A rarity in Portsmouth dockyard more than a century ago
This postcard photograph was taken before 1913 when Semaphore Tower in the dockyard was destroyed by fire.
On December 21 flames were seen by a delivery boy leaving the battlecruiser HMS Queen Mary which was moored alongside South Railway Jetty.
He brought the flames to the attention of the ship’s quartermaster who raised the alarm.
It was all too late of course and the tower was razed.
Two men were killed, ex-Chief Yeoman Samuel Pook, of Milton, and naval rating Alfred Stewart of Chatham, Kent.
The tower was eventually rebuilt and re-opened for service in 1930
What is more fascinating is that this photograph shows the sterns of two royal yachts.
Now, I stand to be corrected but I believe they are Victoria and Albert III and the Alberta, a tender to the V&A.
Alberta was built in Pembroke being launched in 1863. She had steam engines and paddle wheels.
She was broken up in 1913 so if that is her in the photograph she could be awaiting her fate.
The larger Victoria and Albert was the third yacht to be named so. She was launched in 1899 and was ready for royal service in July 1901.
This means that Queen Victoria could never have sailed in her as she died in January of that year.
Decommissioned in 1939 the V&A was not broken up until 1954. Her figurehead remains on show to this day on the parade ground at HMS Nelson barracks in Queen Street, Portsea, Portsmouth.
• Here’s another view of Old Portsmouth by a local artist that is of great interest.

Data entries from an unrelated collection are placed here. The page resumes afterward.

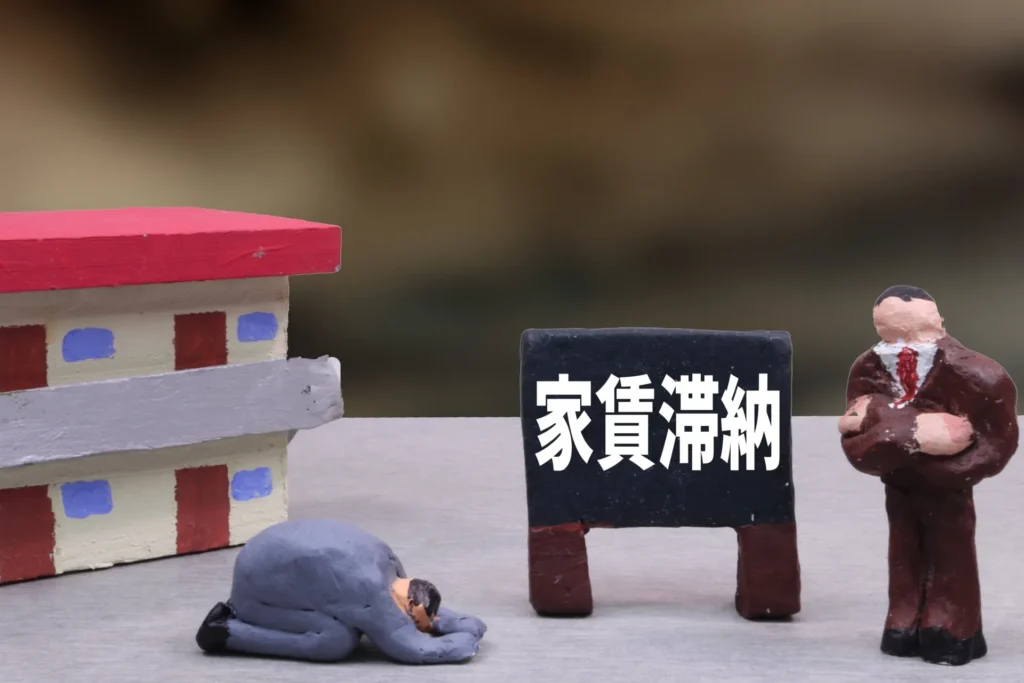 家賃滞納(粘土細工)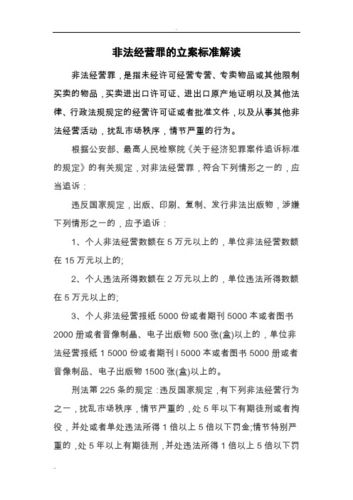 非法经营买卖危险品罪 非法经营买卖危险品罪量刑标准-第1张图片-(义乌市荷淮网络科技工作室)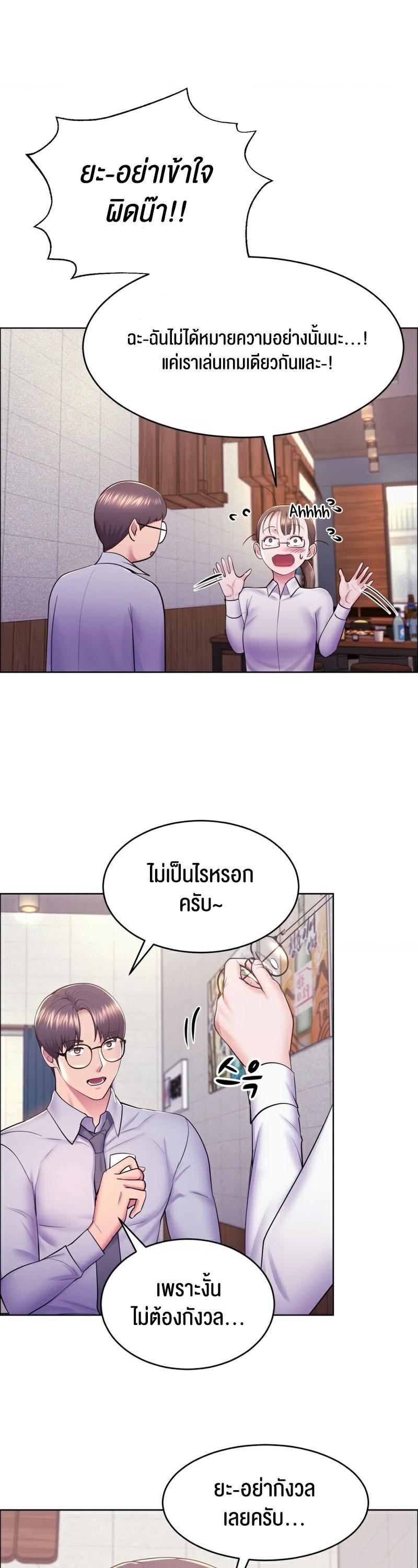 Doujin-Lc- อ่าน โดจิน มังฮวา เกาหลี ญี่ปุ่น จีน แปลไทย Park Moojik Hit the Jackpot ตอนที่ 1 2 3 4 5 6 7 8 9 10 11 12 13 14 ฟรี ไม่มีโฆษณา อ่าน โดจิน Manhwa เกาหลี ญี่ปุ่น จีน เรามีครบ คัดมาให้เน้นๆ โดจิน 18+ รับประกันความฟินโดย  Doujin Lc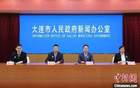 2025大連足球超聯(lián)賽報(bào)名啟，賽程七個(gè)月。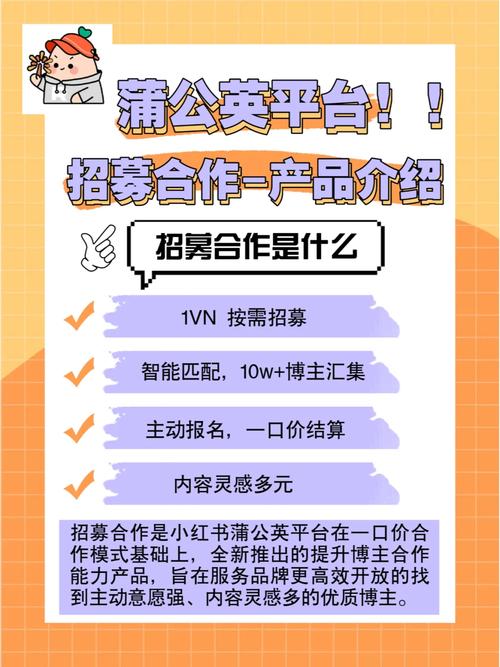 小红书蒲公英创作者合作平台_小红书蒲公英平台介绍_小红书业务下单平台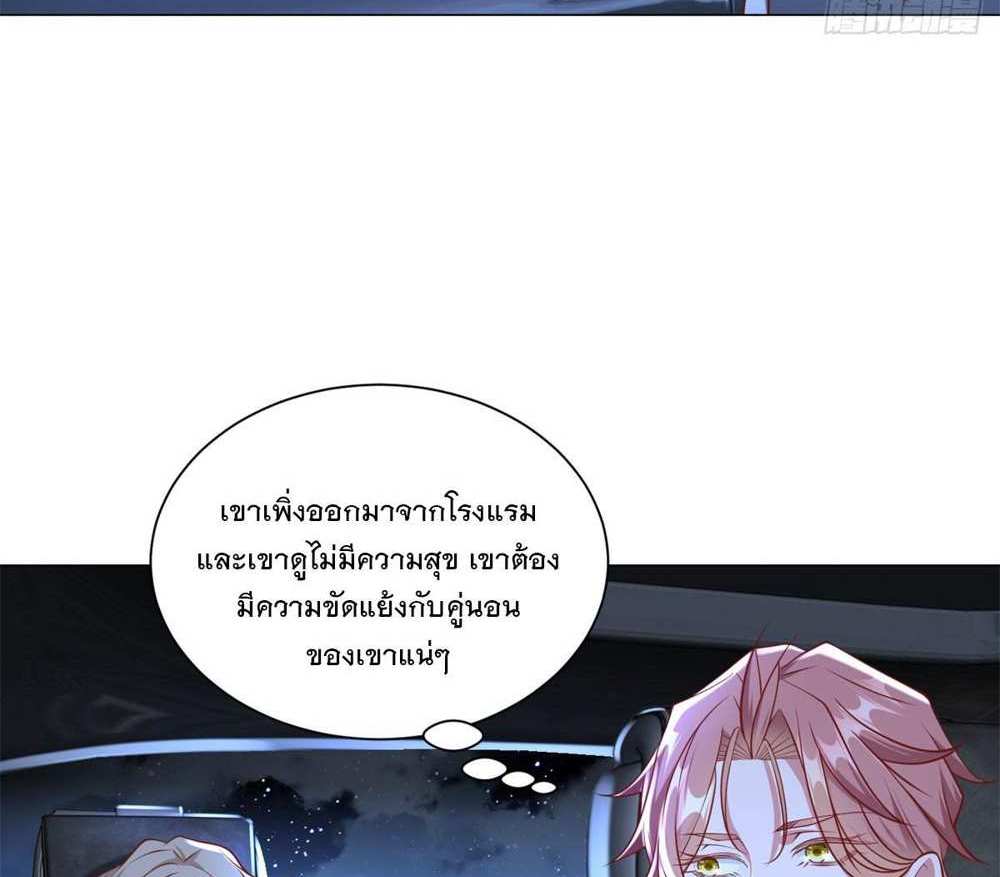 Legendary Car-Hailing System แปลไทย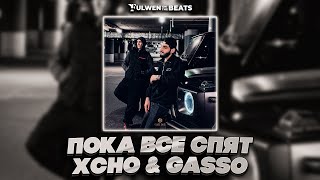 Xcho & Gasso - Пока все спят (Fulwen Remix) | TikTok Remix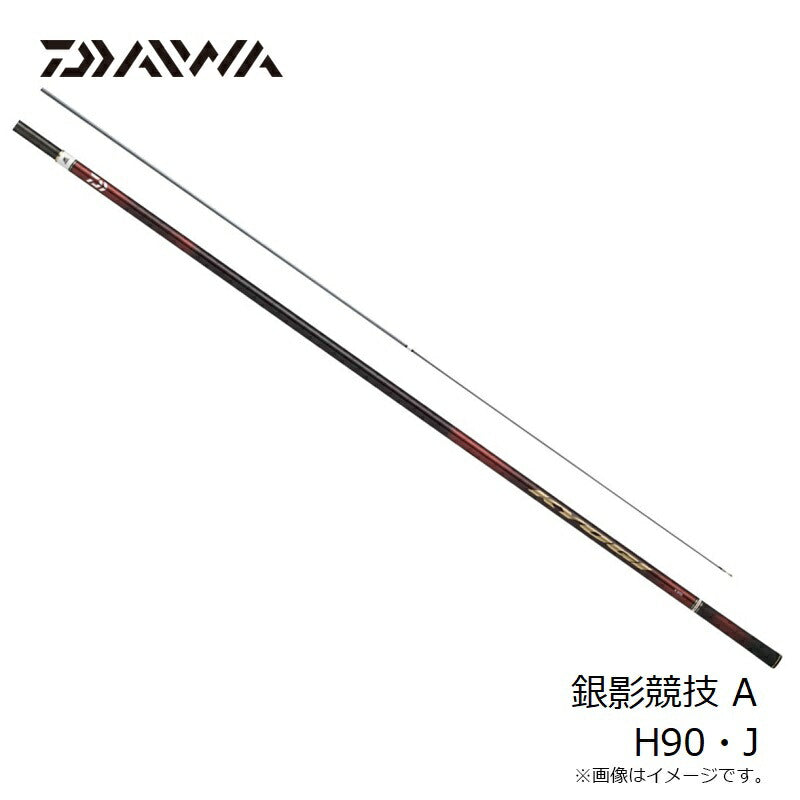 銀影競技A H90・J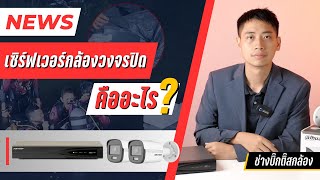 News: What is a CCTV server?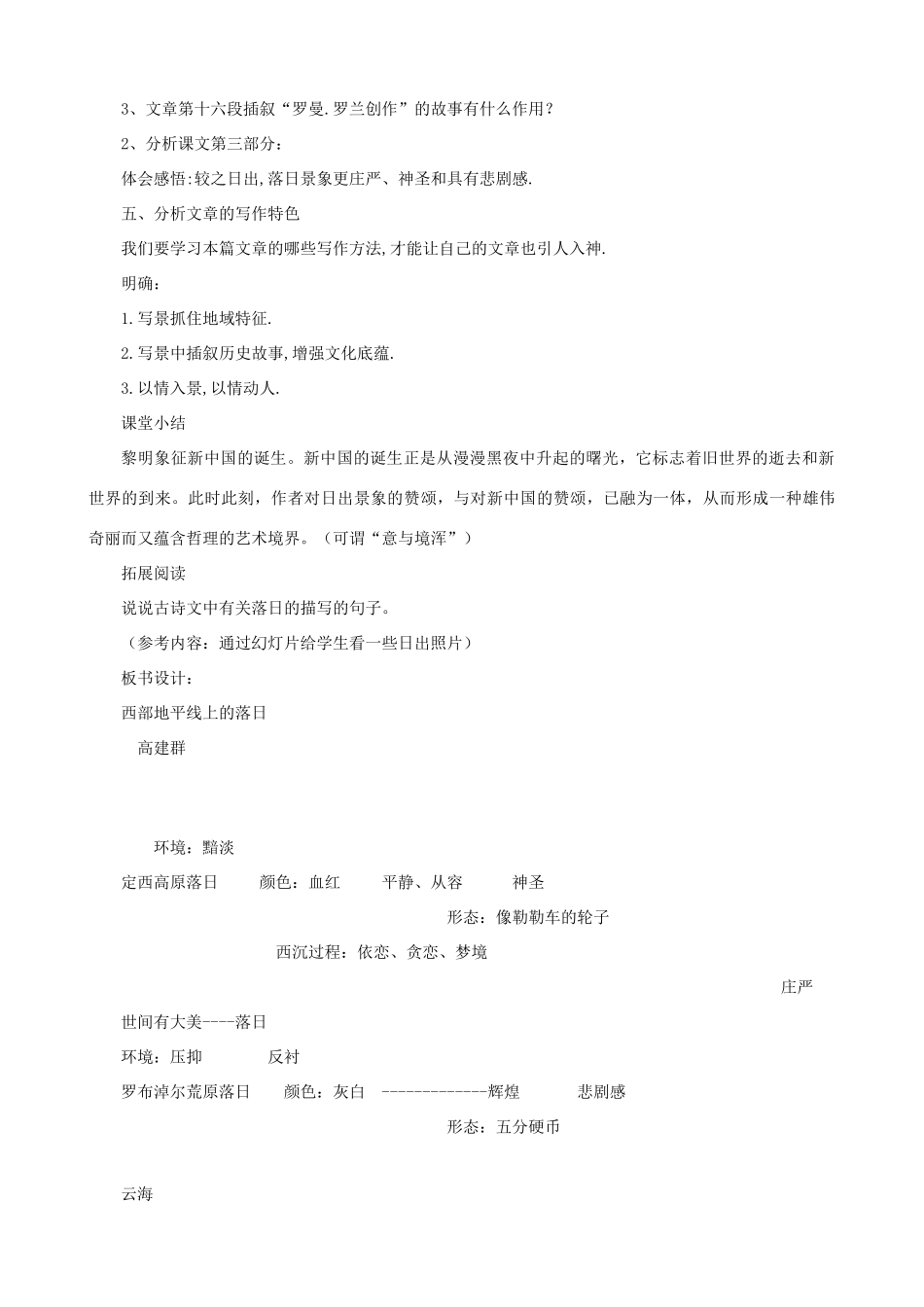 八年级语文上册 第一单元比较探究北师大版_第3页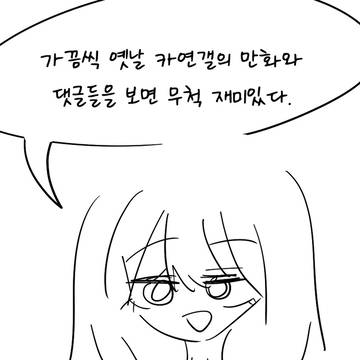 차가운 데이터에 대한 조의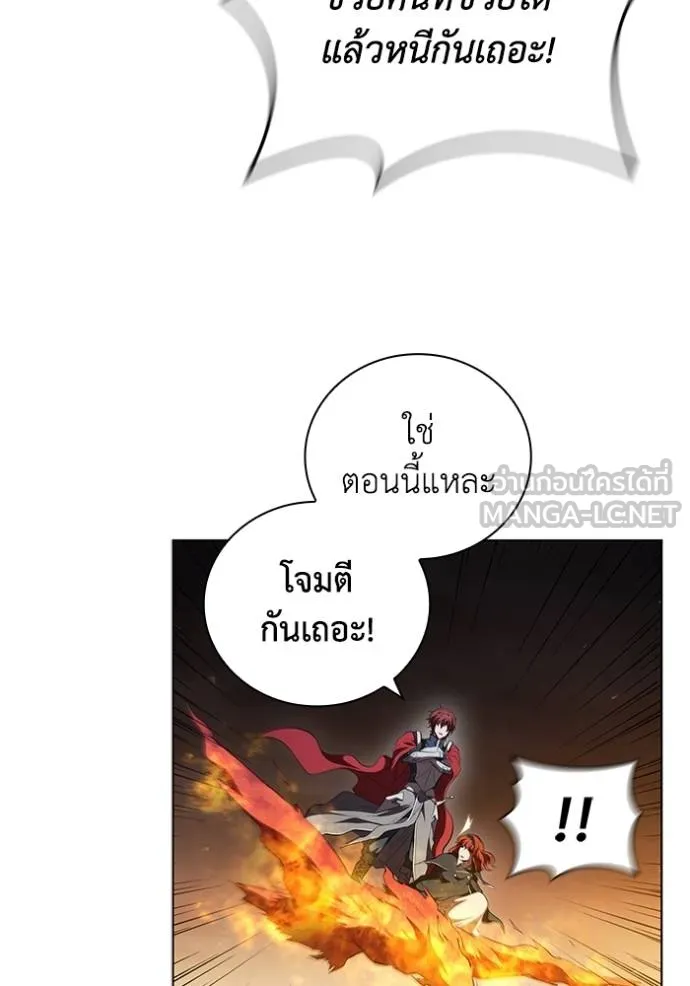 I Regressed As The Duke ตอนที่ 70 27
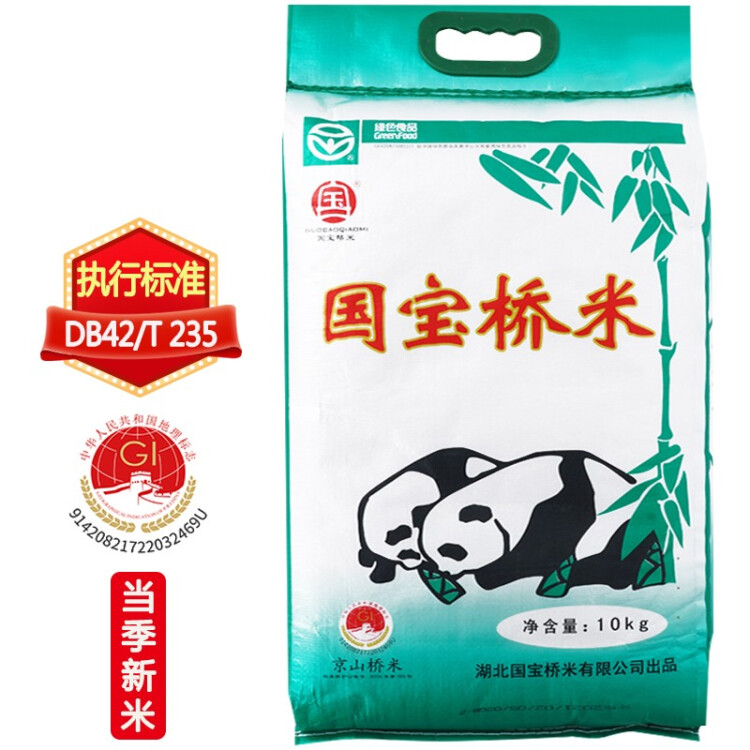 國寶橋米京山橋米20斤湖北地標(biāo)大米當(dāng)季新米綠色食品南方特色長粒秈米 菜管家商品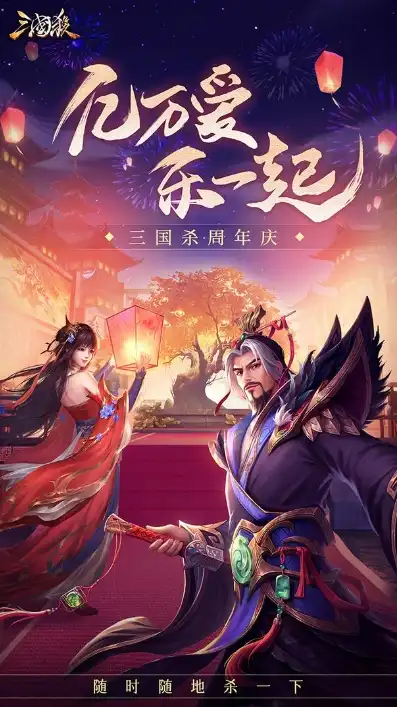 三国杀十周年活动官网，三国杀十周年手游广告最新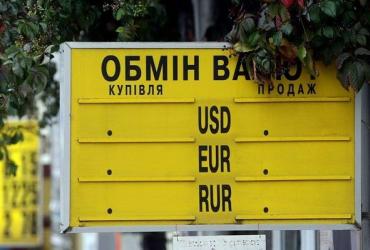 обмен валюты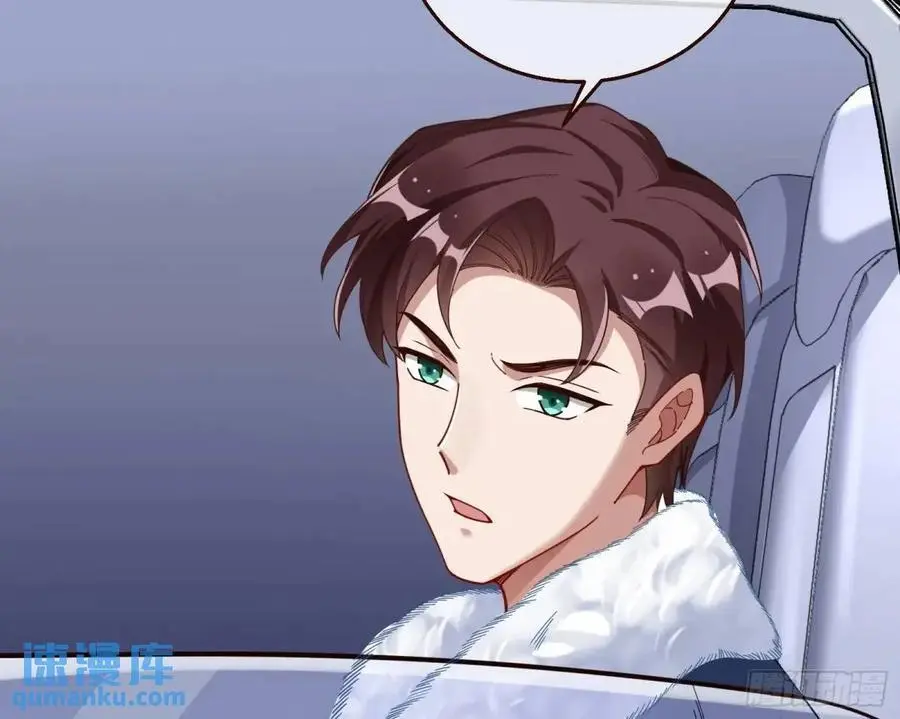 苏小姐万岁17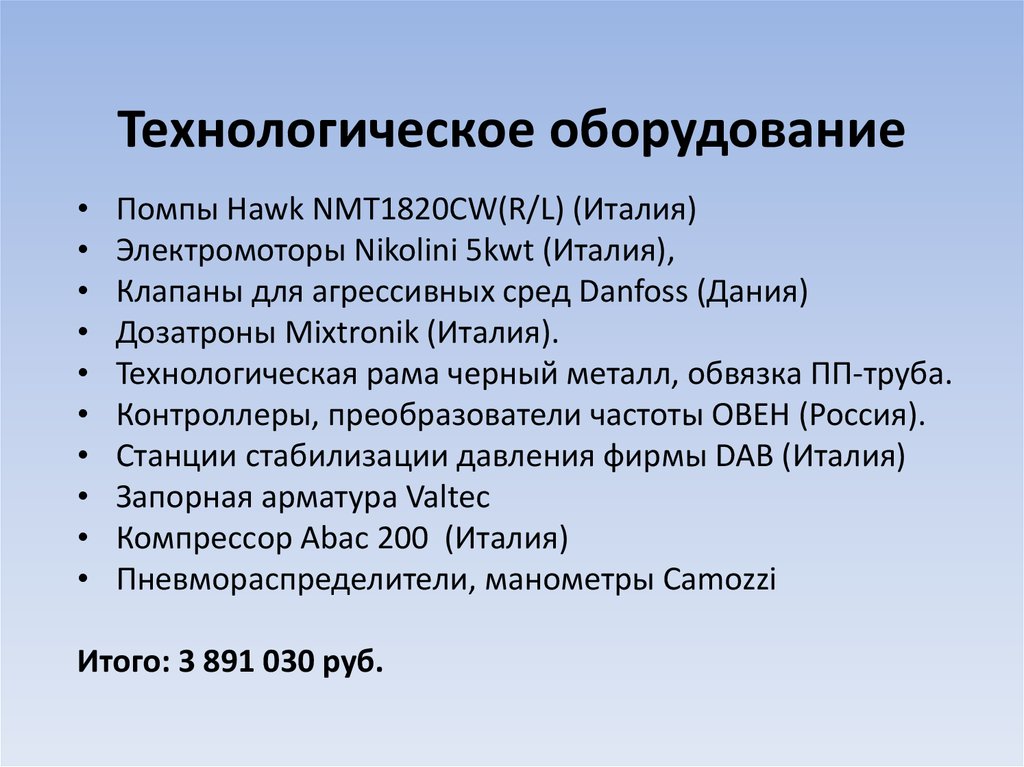 Технологическое оборудование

It is, of course, a view from the rooftops along Bath Square looking down on the Still and West public house and the Gosport chain ferry. A paddle steamer is making its way towards the harbour station mooring point.
The artist is self-taught Michael North MBSA. He has created a number of works using oil on canvas. He also uses acrylics and watercolours . I will show more of his work in future pages.
Any artists who have paintings of quality and local scenes and would like to show off their work, please send them in.
• There are many postcard scenes of Charles Dickens’s birthplace at Mile End Terrace, 393, Commercial Road, Landport, Portsmouth, but I have never seen a view of the back garden. Does it still exist?
The garden once backed on to Flat House Road although there was some distance between the two. It now backs on to the southern end of the M275. I have not been to the building since I was at school. Can the garden be visited as well as the house?